Conhecido também como gavião-lavadeira (Mato Grosso), gavião-velho, gavião-padre, gavião-panema e gavião-balaio (Amazonas).
Seu nome científico significa: de buse, busarellus = diminutivo do francês buse = urubu; e do (latim) niger = preto; e collis, collum = pescoço, colo. ⇒ Pequeno urubu com pescoço preto.
O gavião-belo mede entre 46 e 53 centímetros de comprimento, com uma envergadura total que varia entre 1,10 e 1,30 metros.
Nos adultos, a cabeça é de coloração branco encardido, com uma coroa ligeiramente manchada de marrom escuro. O manto, asas e cauda é completamente laranja-marrom com listras pretas finas restritas a raque das penas. O peito e a garganta são claros. Apresenta uma mancha negra crescente no pescoço. O ventre é vermelho-alaranjado. O crisso é castanho claro. As primárias são completamente negras. As terciárias são vermelho-alaranjado com grandes margens escuras. No voo, podemos ver que as asas são largas e arredondadas. A cauda é curta, quadrada e preta com uma pequena ponta branca e 2 ou 3 listras vermelho-alaranjado finas na sua base. Os olhos são marrom escuro, cera e lores são cinza. As pernas são cor de coloração rosada e as garras, compridas e curvas são pretas.
A plumagem do macho e da fêmea são idênticas, não apresentando dimorfismo sexual aparente.
Os jovens da espécie têm a cabeça branca marcada com uma grande sobrancelha escura. O peito e barriga são claros e fortemente manchados de preto. As partes superiores são marrom escuro manchados de vermelho-alaranjado. No geral, sua plumagem é mais apagada do que a plumagem dos adultos.

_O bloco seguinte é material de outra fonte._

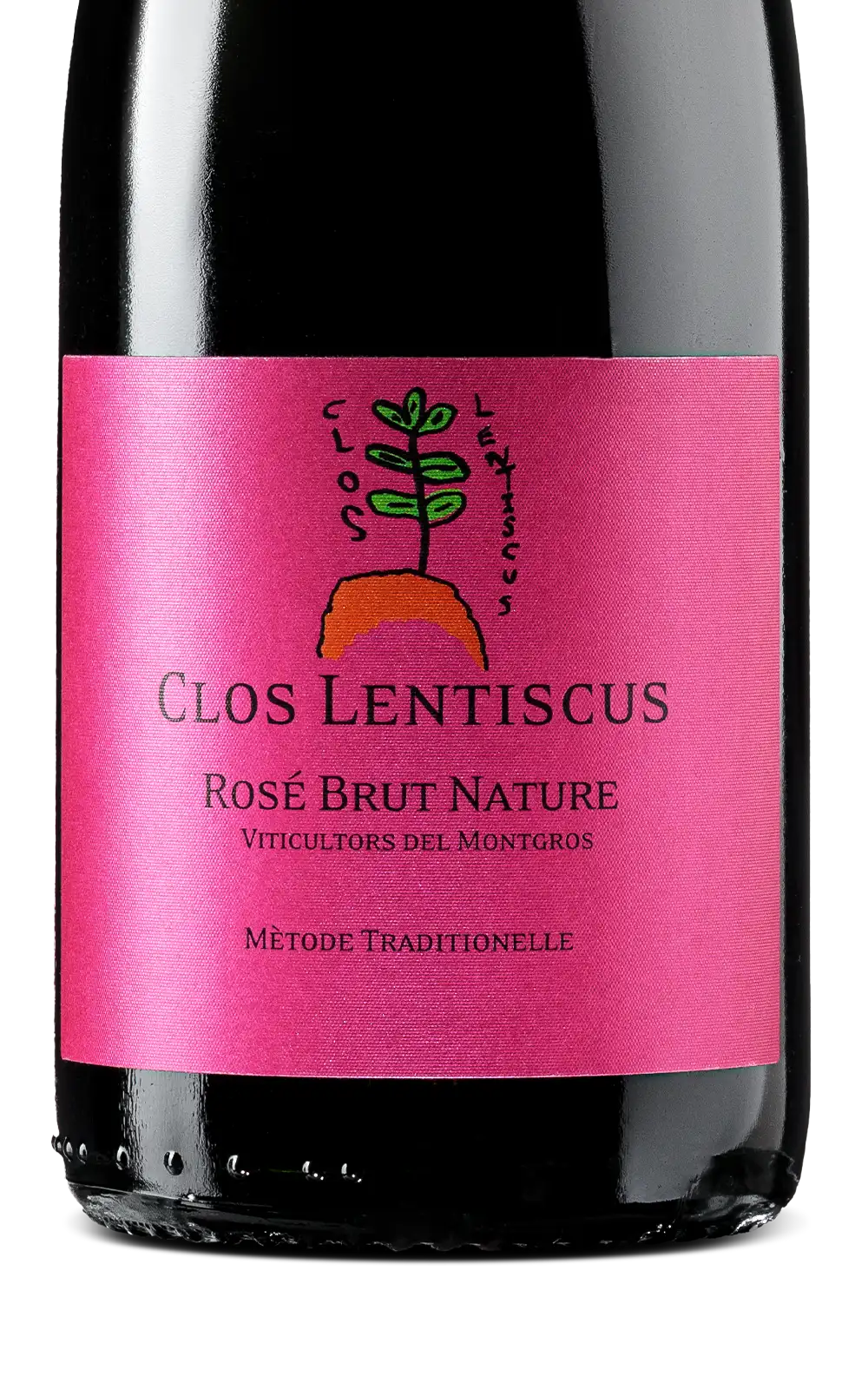 Clos Lentiscus Rose Brut Nature 2020 Cover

Possui duas subespécies reconhecidas:
Aves Brasil CBRO - 2015 (Piacentini et al. 2015); (Clements checklist, 2014).
Alimenta-se de insetos, caramujos e principalmente peixes, os quais consegue capturar em águas rasas próximas à borda, segurando-os com os pés, graças aos dedos serrilhados e às unhas compridas e curvas. Ocasionalmente captura e se alimenta de pequenos roedores e lagartos.
Faz ninho de gravetos em formato de plataforma, localizado entre 12 e 15 metros, em manguezais ou árvores na borda de pântanos. Ele é construído pelo casal. A fêmea coloca um ou dois ovos brancos salpicados de cinza e marrom. A incubação dura entre 35 e 40 dias e é executada unicamente pela fêmea. Durante este período, o macho alimenta a fêmea. Os filhotes são alimentados por ambos os pais por cerca de 45 dias. Eles ficam completamente independentes por volta dos 90 dias de idade.
É localmente comum em beiras de lagos, pântanos, campos inundados e manguezais.